U.S. Census Bureau data for New Jersey shows median household income in the Garden State dropped 2.7 percent from 2009 to 2010, from $69,569 to $67,681 - and some experts think a similar decrease will be reported soon for 2011.

Rutgers economist James Hughes says, "Historically deep financial crises have been followed by painfully long and slow recovery periods. Household incomes have kept declining, even though the economy supposedly is in recovery, and that suggests how deep a hole most households in America find themselves in today."

He says, "When you have economic bubbles bursting like we had in 2008, the consequences are very, very painful. We have an economy that's not generating enough jobs. For many people, their unemployment benefits have run out, and so we find that household incomes have continued to decline since the recession ended."

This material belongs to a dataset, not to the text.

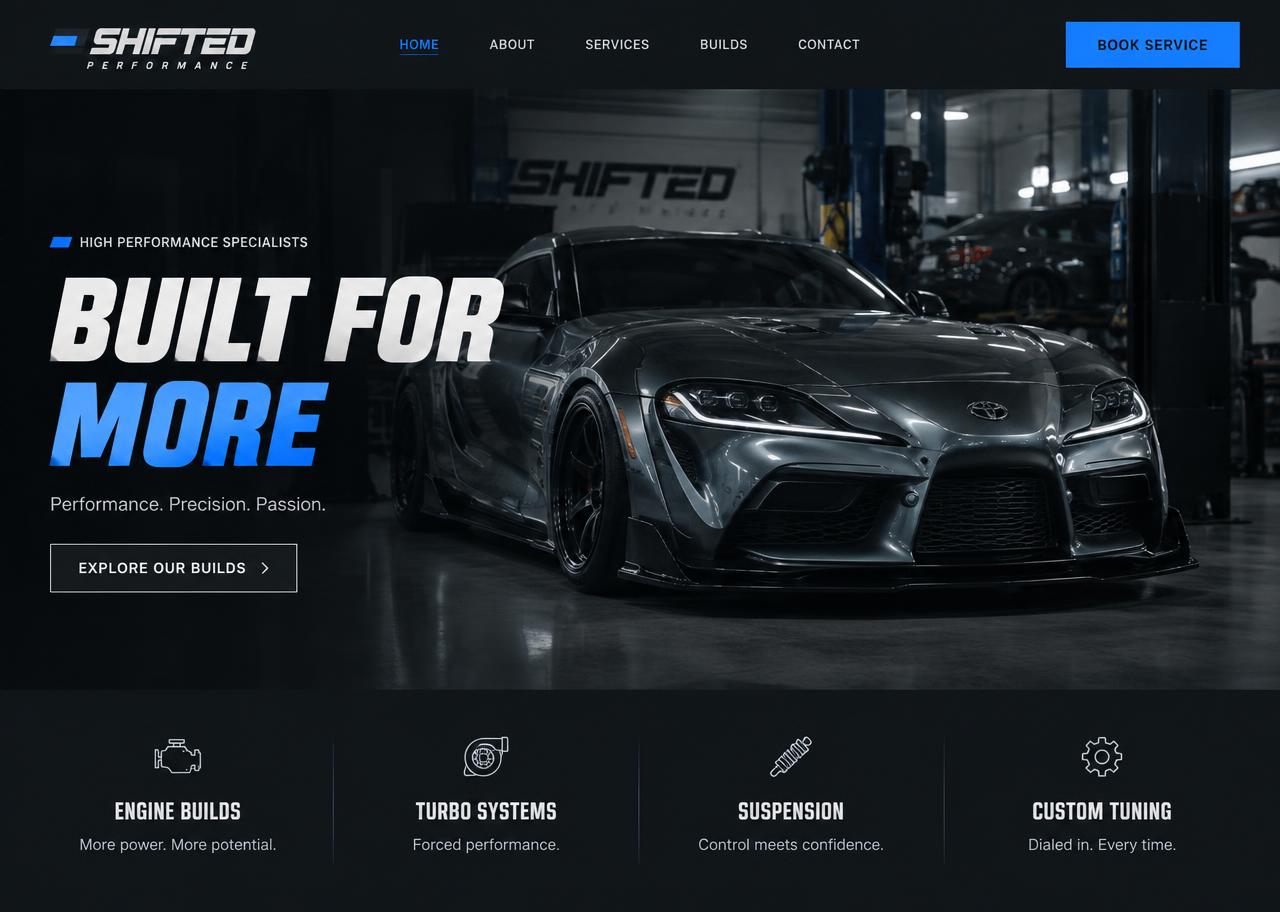 Twin Cities Performance website concept preview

Hughes adds the actions by the Federal Reserve last week, "of buying up mortgages, and entering into a new phase of quantitative easing, is an attempt to stimulate job growth by making borrowing much cheaper. However, that's not going to be sufficient in and of itself. We really do need probably direct stimulus from Washington itself, but we're in gridlock in Washington…So nothing is going to happen till after the election, if then."

He points out, "We've just recovered about half the jobs lost during the recession, and that's the biggest job loss since the Great Depression…This is extremely painful for New Jersey families, as they keep seeing their incomes decline. We are also an extraordinarily expensive place to live and those expenses are growing, so it really puts a squeeze on the middle class in New Jersey."